I’m in that stage of the book, thinking about the cover and acknowledgements (which were harder than I thought but more about that in another post) and the epigraph. And I landed on two quotes:
stop writing about Indians
she told me again
only louder as if
I was hard of hearing
you have to allow authors
their subjects, she said
stop writing about
what isn’ t in the textwhich is just our entire history
graduate school first semester: so here I am writing about Indians again, by Cheryl Savageau
We are soot-covered urchins running wild and unshod
We will always be remembered as the orphans of God
They will dig up these ruins and make flutes of our bones
And blow a hymn to the memory of the orphans of God
Orphans of God, Written by Mark Heard © 1992 Ideola Music/ASCAP
The first is a poem that I came across last year. There’s a poem by Sherman Alexie, How to Write the Great American Indian Novel, in which he concluces that “In the Great American Indian novel, when it is finally written, all of the white people will be Indians and all of the Indians will be ghosts.” Alexie has been credibly accused of a number of sexual improprieties and although I liked the sentiment I wanted to quote somebody else and I asked Twitter for alternatives. Somebody suggested this poem by Savageau and it’s not quite the same but it is breathtaking.
Over and over she writes about what isn’t plainly there, the presence of Indigenous people and over and over the teacher tells her to stop it. This is our entire history, as she says and my book points this out again and again, asking you to look for us, notice us, see us in the absence. If the land is in fact empty, why? Where did we go? Because there is a story there that explains it.
The second quote is from an artist that I came to admire after he died. By the time I found out who Mark Heard was he was already gone, he died rather young of a heart attack. I belonged to a mailing list called the Orphans of God and I don’t even know how I found them but they were a group of people on a listserv (now you know I’m old) who talked about theology and music and life.

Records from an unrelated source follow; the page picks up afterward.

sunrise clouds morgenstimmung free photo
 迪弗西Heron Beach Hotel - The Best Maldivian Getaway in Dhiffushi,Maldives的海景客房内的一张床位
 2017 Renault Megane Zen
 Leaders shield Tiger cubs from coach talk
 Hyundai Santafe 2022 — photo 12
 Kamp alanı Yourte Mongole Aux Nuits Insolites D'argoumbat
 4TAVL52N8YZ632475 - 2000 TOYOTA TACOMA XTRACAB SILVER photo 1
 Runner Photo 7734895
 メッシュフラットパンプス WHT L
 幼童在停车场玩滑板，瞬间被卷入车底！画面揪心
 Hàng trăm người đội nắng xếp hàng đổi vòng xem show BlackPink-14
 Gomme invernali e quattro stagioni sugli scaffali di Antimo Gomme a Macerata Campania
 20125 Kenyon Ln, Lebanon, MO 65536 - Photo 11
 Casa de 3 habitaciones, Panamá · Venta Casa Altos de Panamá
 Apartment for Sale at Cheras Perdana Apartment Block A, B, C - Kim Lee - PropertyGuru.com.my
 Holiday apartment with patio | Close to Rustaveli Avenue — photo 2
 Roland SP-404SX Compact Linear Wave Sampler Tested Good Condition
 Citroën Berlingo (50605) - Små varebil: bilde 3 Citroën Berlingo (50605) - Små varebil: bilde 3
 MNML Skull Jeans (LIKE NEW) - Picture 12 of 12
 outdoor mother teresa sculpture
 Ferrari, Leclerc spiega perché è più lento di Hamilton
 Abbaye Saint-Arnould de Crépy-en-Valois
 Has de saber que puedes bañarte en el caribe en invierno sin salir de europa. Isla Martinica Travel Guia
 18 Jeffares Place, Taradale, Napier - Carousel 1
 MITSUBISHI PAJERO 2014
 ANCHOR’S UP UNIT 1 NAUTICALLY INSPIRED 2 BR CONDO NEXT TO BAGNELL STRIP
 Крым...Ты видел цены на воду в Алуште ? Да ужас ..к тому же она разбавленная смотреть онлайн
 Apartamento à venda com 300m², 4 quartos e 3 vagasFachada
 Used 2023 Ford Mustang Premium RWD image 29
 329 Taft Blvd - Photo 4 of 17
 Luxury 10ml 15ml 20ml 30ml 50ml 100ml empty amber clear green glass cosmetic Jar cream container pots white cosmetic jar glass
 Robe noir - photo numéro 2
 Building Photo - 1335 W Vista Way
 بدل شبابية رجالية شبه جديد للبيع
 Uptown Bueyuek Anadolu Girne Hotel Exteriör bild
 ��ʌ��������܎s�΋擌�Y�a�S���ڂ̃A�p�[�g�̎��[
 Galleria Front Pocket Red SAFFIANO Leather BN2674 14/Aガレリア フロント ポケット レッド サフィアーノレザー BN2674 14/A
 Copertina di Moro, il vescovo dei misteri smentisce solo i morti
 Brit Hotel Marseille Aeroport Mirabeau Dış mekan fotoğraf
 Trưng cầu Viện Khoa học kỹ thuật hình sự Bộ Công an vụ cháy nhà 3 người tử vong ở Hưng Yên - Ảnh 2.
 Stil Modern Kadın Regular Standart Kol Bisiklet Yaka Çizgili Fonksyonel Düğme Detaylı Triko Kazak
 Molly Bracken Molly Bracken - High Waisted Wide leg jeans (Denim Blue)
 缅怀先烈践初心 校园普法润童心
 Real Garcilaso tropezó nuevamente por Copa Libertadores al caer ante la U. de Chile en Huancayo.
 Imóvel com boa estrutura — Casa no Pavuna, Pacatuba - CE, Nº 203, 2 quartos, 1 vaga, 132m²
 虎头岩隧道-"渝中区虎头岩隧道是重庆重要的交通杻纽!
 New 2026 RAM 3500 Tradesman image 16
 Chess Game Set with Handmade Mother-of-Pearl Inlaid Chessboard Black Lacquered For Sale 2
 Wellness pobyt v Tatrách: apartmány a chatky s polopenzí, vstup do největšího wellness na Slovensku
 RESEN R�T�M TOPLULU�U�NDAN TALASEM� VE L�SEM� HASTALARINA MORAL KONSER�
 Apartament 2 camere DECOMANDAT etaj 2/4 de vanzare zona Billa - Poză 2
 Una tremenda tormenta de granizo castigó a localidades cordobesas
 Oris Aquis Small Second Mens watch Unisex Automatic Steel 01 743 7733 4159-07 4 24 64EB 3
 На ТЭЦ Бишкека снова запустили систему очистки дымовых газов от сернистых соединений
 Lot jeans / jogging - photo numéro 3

The lyrics are appealing in their lostness and there’s a certain romanticism to it until you start to dig down into what he’s actually saying in this song. The orphans of God are not those who resist the dominant narrative, they're the result of it. An impoverished and destitute faith that could have been so much more. And that too is woven into the book, the loss of contemporary Christianity, the loss of what it could have been because it chose hierarchy and domination over relationship. We’ve bought from the brokers who have broken their oaths .. and we’re out in the streets with a lump in our throats.
So these two quotes, that I hope lead people to read the entire poems (for Heard was certainly a poet) capture the book so perfectly. The invisible presence of Indigenous people and the impoverished faith of western Christianity. And maybe, together, if Christians start to wonder what good news we might have for them we can truly become kin.